Mengingat kompleksitas risiko ini, Nafan Aji Gusta menyarankan investor untuk lebih berfokus pada saham-saham yang menawarkan kepastian pertumbuhan kinerja fundamental yang solid. Kondisi fundamental yang kuat pada akhirnya akan berkorelasi positif dengan pergerakan harga saham, memberikan potensi keuntungan yang lebih stabil bagi investor.

“Selain itu, investor juga wajib memprioritaskan saham-saham emiten yang menunjukkan konsistensi tinggi dalam penerapan Good Corporate Governance (GCG),” pungkas Nafan.

Sementara itu, Ekky Topan menekankan pentingnya bagi setiap investor untuk bersikap jauh lebih selektif dalam memilih saham. Ia mengingatkan agar tidak mudah tergiur hanya oleh harga murah atau spekulasi potensi rebound semata. Investor harus mencermati dengan saksama kondisi keuangan perusahaan, tingkat utang, arus kas, serta catatan khusus dari BEI terkait saham yang hendak diinvestasikan.

“Pada akhirnya, kehati-hatian ekstrem dan pemahaman menyeluruh terhadap setiap risiko adalah kunci utama untuk melindungi diri dari kerugian besar yang diakibatkan oleh delisting saham,” tegas Ekky menutup paparannya.

Ringkasan

Lebih dari 55 emiten terancam delisting permanen dari Bursa Efek Indonesia (BEI) per 30 Juni 2025, akibat sahamnya disuspensi selama enam bulan berturut-turut atau lebih. Situasi ini memicu kekhawatiran bagi investor, khususnya pada emiten seperti PT Sri Rejeki Isman Tbk (SRIL) yang telah pailit, serta PT Waskita Karya Tbk (WSKT) dan PT PP Properti Tbk (PPRO) dari BUMN. WSKT sendiri sedang mengupayakan restrukturisasi utang perbankan dan obligasi untuk mencabut status suspensi sahamnya.
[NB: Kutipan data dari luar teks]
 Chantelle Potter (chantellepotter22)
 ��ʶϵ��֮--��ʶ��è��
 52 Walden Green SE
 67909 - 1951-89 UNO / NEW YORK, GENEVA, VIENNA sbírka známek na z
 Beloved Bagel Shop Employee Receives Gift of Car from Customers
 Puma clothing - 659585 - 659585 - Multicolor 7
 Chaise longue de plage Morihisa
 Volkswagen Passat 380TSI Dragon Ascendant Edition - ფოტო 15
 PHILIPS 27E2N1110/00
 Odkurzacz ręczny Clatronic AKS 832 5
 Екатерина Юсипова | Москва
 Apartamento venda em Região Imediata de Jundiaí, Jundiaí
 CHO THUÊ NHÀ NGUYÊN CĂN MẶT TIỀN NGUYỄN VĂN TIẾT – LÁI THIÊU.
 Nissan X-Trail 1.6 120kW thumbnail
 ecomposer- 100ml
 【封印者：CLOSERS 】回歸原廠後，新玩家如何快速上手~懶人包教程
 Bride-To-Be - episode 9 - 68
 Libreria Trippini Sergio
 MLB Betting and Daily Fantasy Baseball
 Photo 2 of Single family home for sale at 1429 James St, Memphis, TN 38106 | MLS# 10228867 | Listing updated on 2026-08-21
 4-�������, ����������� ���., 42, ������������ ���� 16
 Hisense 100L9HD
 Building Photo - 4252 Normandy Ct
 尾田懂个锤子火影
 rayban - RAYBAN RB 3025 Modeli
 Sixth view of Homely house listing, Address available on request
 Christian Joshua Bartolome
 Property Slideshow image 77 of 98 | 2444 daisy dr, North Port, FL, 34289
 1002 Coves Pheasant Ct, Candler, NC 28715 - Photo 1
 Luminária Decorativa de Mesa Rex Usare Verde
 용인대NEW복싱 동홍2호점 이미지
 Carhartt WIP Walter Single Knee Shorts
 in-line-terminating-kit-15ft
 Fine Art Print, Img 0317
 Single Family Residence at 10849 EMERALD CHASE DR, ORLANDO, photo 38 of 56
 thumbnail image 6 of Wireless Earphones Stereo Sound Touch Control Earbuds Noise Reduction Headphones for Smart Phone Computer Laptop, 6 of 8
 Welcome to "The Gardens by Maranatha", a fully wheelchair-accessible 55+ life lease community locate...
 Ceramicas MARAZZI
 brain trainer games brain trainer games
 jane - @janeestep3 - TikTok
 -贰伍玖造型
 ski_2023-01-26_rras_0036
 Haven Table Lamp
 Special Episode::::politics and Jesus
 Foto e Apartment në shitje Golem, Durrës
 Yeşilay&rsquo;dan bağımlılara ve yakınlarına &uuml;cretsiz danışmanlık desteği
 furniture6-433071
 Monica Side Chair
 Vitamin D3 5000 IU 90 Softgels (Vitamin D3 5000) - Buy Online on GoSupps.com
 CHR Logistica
Analis menegaskan nasib emiten yang terancam delisting sangat bergantung pada fundamental perusahaan; investor ritel sangat rentan karena posisi prioritas likuidasi yang rendah. Potensi kerugian investasi sangat besar, dan aksi buyback hampir tidak mungkin dilakukan oleh emiten bermasalah. Investor disarankan untuk bersikap selektif, fokus pada saham dengan fundamental kuat dan tata kelola perusahaan yang baik, serta tidak mudah tergiur harga murah. Pemahaman mendalam tentang risiko dan kehati-hatian ekstrem menjadi kunci untuk melindungi investasi dari ancaman delisting saham.